German auto manufacturer BMW said on Monday it would invest "around one billion euros" in the production of electric vehicles at a plant in Austria from 2025.

Germany's BMW to put €1 billion into electric vehicles in Austria
The headquarters of German carmaker BMW (Bayerische Motoren Werke AG) are pictured in Munich, southern Germany, on May 20, 2022. (Photo by Christof STACHE / AFP)

Altogether, 600,000 units a year should roll off the line at the factory in Steyr under the investment plan, set to run until 2030, BMW said in a statement.

From 2025, BMW will “develop and produce the next generation of e-drives” at the Austrian site, BMW’s production chief Milan Nedeljkovic said.

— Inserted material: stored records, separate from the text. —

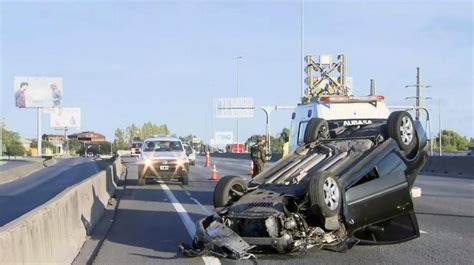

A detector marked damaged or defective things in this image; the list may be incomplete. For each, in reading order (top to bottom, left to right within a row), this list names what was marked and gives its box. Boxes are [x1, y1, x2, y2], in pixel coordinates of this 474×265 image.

overturned car [181, 110, 426, 258]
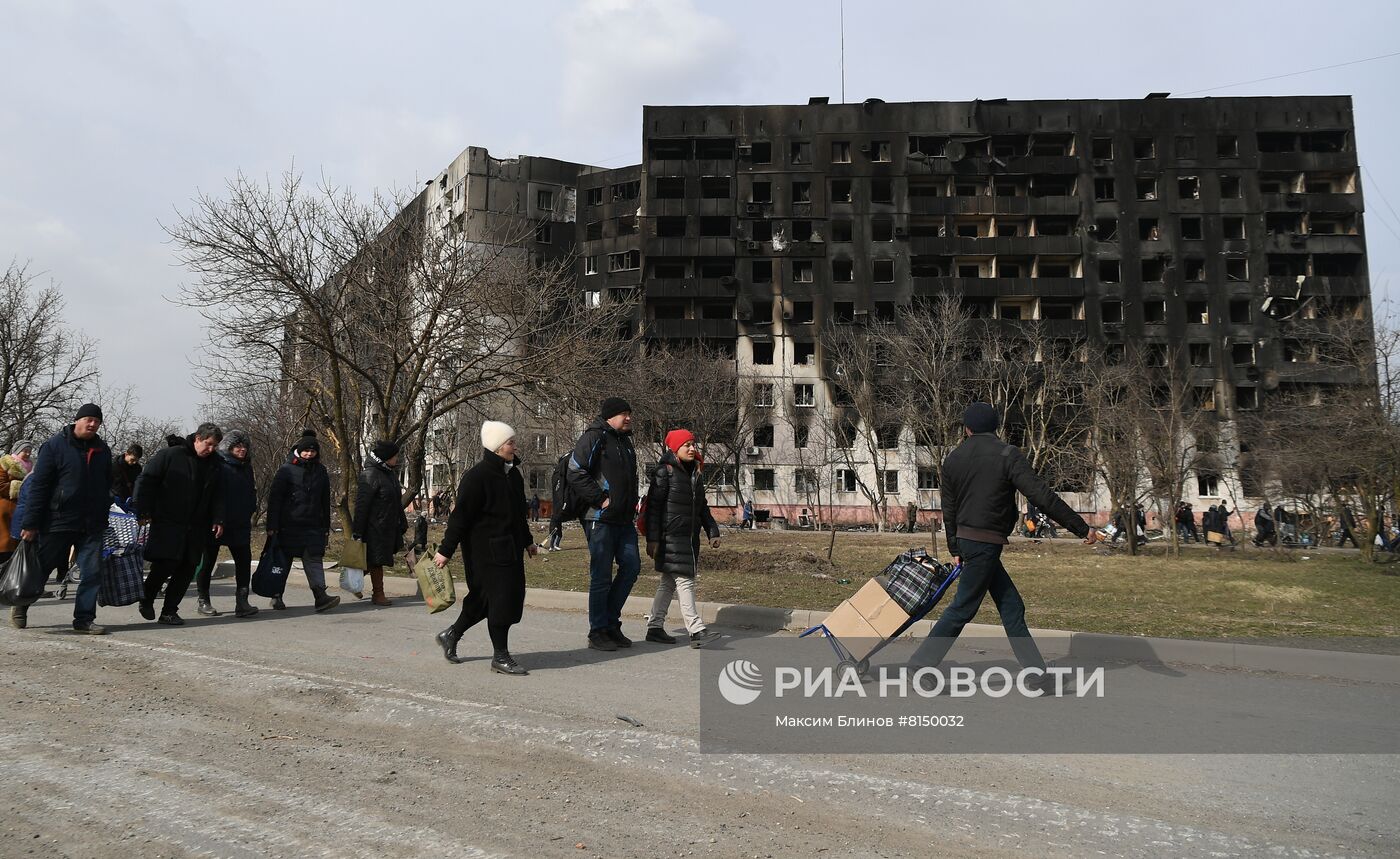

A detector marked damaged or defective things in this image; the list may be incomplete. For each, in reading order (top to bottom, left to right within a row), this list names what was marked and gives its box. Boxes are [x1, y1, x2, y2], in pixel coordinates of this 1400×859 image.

broken window [652, 177, 686, 200]
broken window [700, 176, 733, 200]
broken window [700, 216, 733, 237]
damaged multi-story building [414, 94, 1366, 526]
burned apartment building [574, 94, 1372, 526]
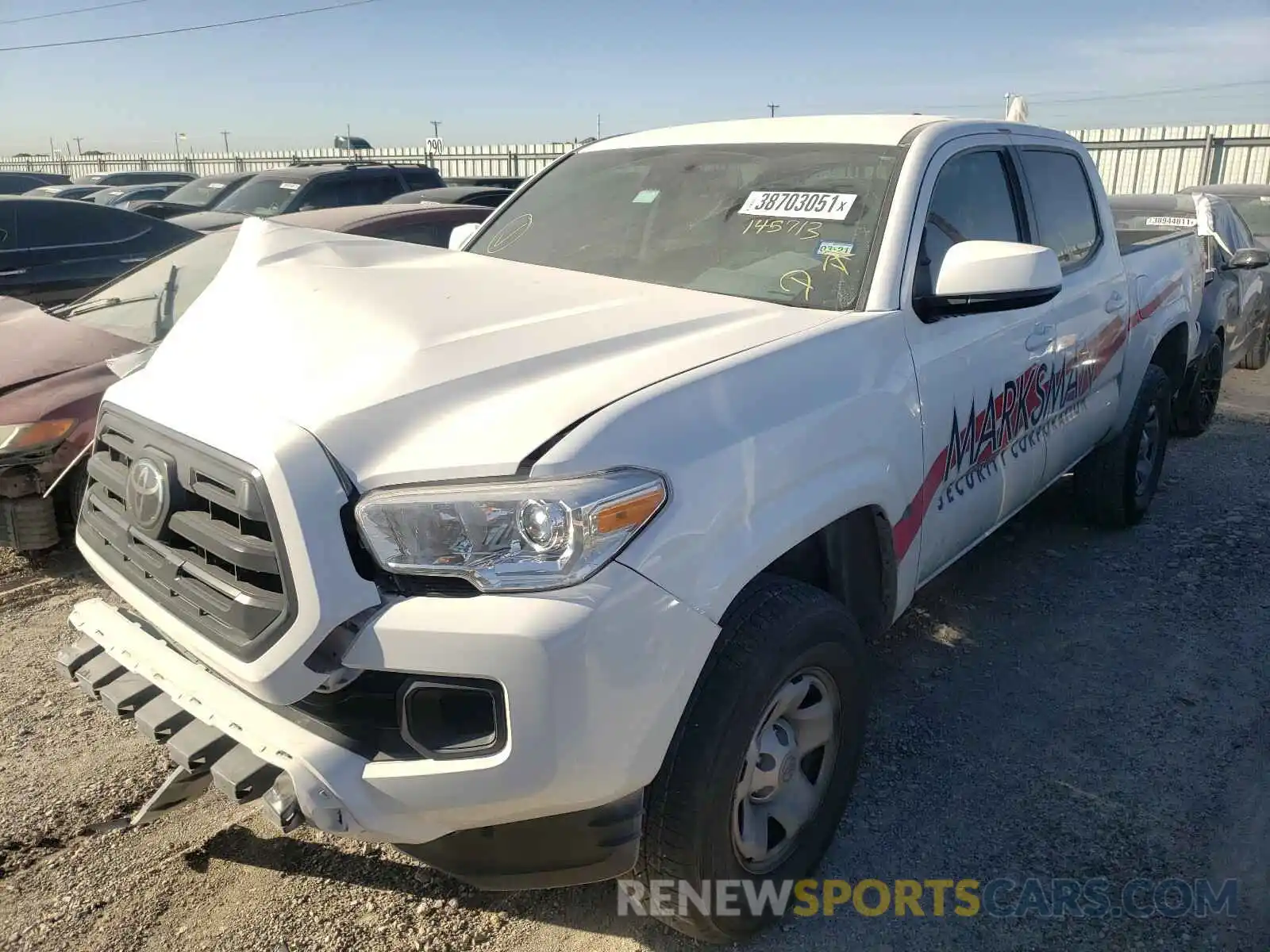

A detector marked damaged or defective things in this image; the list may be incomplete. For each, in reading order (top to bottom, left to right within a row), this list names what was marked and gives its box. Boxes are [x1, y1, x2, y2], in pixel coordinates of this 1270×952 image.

damaged hood [0, 295, 140, 397]
damaged hood [141, 219, 832, 489]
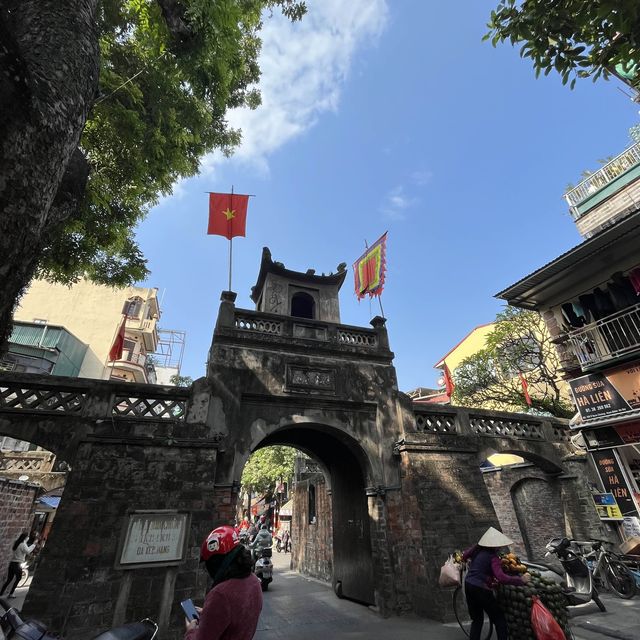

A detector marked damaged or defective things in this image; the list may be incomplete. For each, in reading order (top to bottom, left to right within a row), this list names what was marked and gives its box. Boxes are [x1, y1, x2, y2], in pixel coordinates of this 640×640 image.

rusty balcony [564, 304, 640, 370]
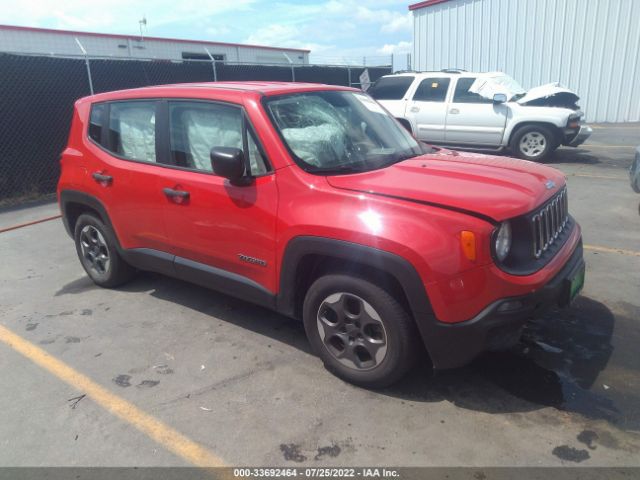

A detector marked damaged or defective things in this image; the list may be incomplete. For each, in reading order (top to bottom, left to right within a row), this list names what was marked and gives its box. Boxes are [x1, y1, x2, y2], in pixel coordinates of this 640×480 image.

damaged front bumper [564, 124, 592, 146]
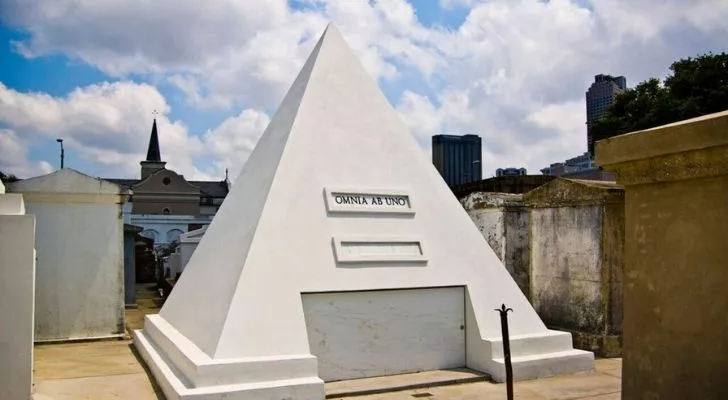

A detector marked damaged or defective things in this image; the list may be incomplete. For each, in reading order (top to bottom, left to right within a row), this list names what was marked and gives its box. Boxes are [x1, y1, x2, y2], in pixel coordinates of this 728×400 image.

rusty metal rod [492, 304, 516, 400]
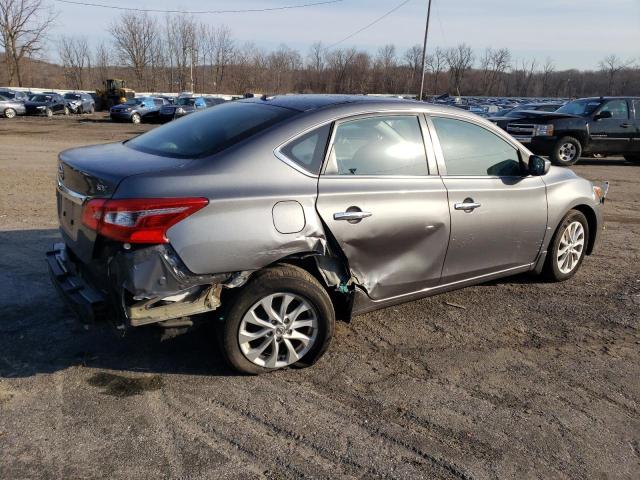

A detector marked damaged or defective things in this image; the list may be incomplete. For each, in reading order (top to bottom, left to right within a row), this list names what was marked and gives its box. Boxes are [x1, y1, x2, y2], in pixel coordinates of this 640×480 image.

rear bumper damage [45, 242, 249, 328]
damaged gray car [47, 95, 608, 374]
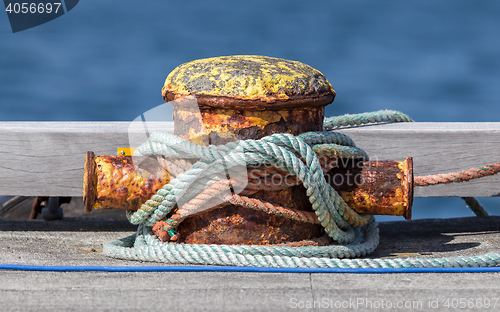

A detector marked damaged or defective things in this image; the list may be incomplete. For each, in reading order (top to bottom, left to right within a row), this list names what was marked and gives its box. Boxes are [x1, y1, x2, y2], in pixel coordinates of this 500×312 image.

corroded metal surface [82, 152, 168, 213]
rusty metal bollard [83, 54, 414, 246]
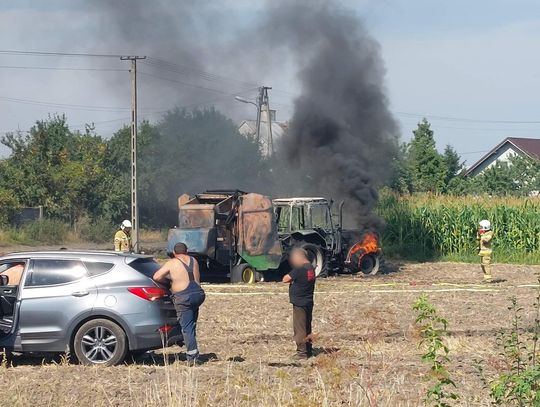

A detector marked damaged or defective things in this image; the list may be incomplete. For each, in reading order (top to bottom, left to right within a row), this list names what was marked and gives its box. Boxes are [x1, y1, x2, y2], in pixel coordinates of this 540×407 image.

The refurbishment of the plant will see two new production lines added and the location expanded by 60,000 square metres.

The new facilities would require €710 million in investment, while €230 million would be dedicated to boosting vehicle development at Steyr.

“Around half” the 4,400 employees at the site would be working on “e-mobility” by 2030, plant boss Alexander Susanek said.

The Bavarian manufacturer said it aimed to have two million electric vehicles on the road by 2025, promising 13 new electric models and a revamp of its Mini brand.

BMW has already said it will spend €400 million to upgrade its home factory in Munich to produce electric vehicles.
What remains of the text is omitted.